Posted by ryuzaki0 on

MrShaggy writes "According to a BBC article, researchers have been able to make the jump between RFID tags and viruses. They found that the mere act of scanning a mere 127 bytes could cause an attack vector that would corrupt databases. From the article;'"This is intended as a wake-up call," said Andrew Tanenbaum, one of the researchers in the computer science department at Amsterdam's Free University that did the work revealing the weaknesses on smart tags. "We ask the RFID industry to design systems that are secure," he said.'"

3 of 109 comments (clear)

  1. Like the JPEG "virus" by kherr · · Score: 4, Interesting

    It is the software running on the host machine which does not validate the data coming from the tag that has major issues.

    Absolutely. This is just like the Windows JPEG "virus" that was due to buggy JPEG parsing. Describing RFIDs as an attack vector is appropriate, but inert data can not be a virus. You typically don't execute images or identification information. Perhaps there needs to be some catchy name for this type of attack, but really it's just a new example of the common overflow bug.

  2. Re:FUD? by StarvingSE · · Score: 3, Interesting

    This is very different from barcodes. A barcode has to be manually scanned, so you know when a system is reading the information and you can do (probably minimal) research into whether the software reading the barcode is secure enough to handle your personal data.

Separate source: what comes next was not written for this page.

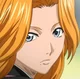 Rangiku Matsumoto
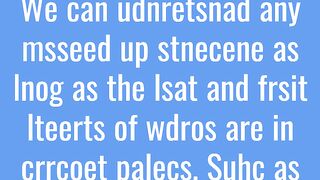 Interesting psychology facts #shorts #youtubeshorts #ytshorts #psychologyfactsaboutlove #love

    The trouble with RFID is that anyone scanning can pick up your tag without you knowing about it. This includes secure and non-secure software. If 99% of software reading these tags are secure, there is still that 1% that isn't and you wouldn't know that it picked up your personal info until you get the bogus credit card bills in the mail.

    --
    I got nothin'
  3. No expects an RFID tag to send a SQL injection... by rickkas7 · · Score: 3, Interesting
    From the real paper: "No one currently expects an RFID tag to send a SQL injection attack or a buffer overflow."

    I think the point of the research is that many RFID tags are read by closed or theortically isolated systems like inventory control devices and pet identity scanners that probably have not been examined for the kinds of vulnerabilities that we (theoretically) look for Internet accessible servers.

    While we have a mediocre system for updating Internet-based applications in the face of vulnerabilties, the prospect of updating piles of non-Internet accessible devices is indeed an issue.